**AIM OF THE EXERCISE**
Output only the lines below from the one containing "Michael Schumacher es" to the one containing "Detail of black", exactly as written, both ends kept.

**THE DATA**

..........

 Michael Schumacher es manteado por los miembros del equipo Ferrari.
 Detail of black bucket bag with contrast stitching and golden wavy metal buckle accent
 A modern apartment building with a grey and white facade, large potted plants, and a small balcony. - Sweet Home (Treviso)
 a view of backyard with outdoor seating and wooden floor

..........

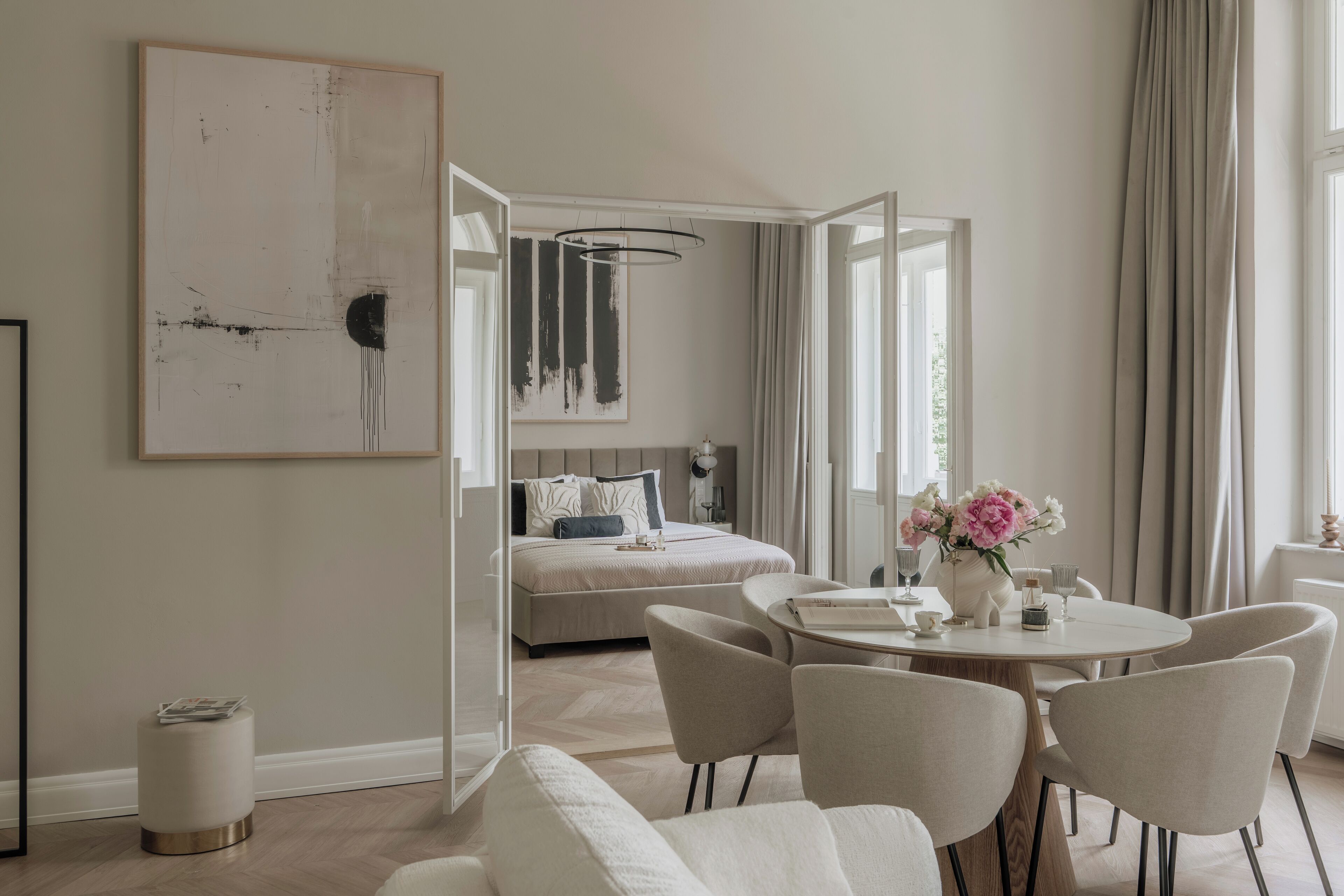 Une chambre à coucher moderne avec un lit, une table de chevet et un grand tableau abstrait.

..........

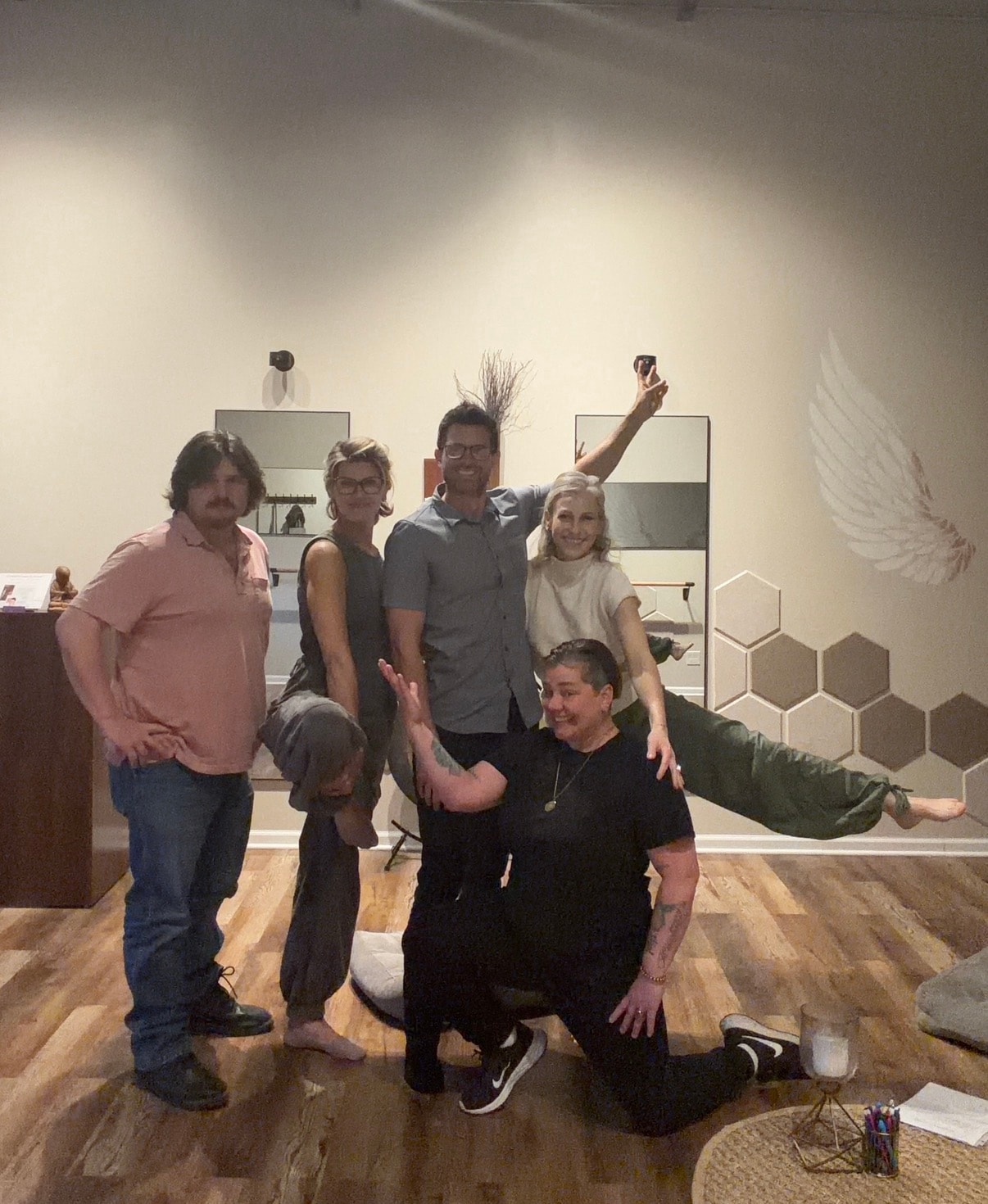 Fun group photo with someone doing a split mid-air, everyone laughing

..........

**SOLUTION FOR THIS TASK**
 Michael Schumacher es manteado por los miembros del equipo Ferrari.
 Detail of black bucket bag with contrast stitching and golden wavy metal buckle accent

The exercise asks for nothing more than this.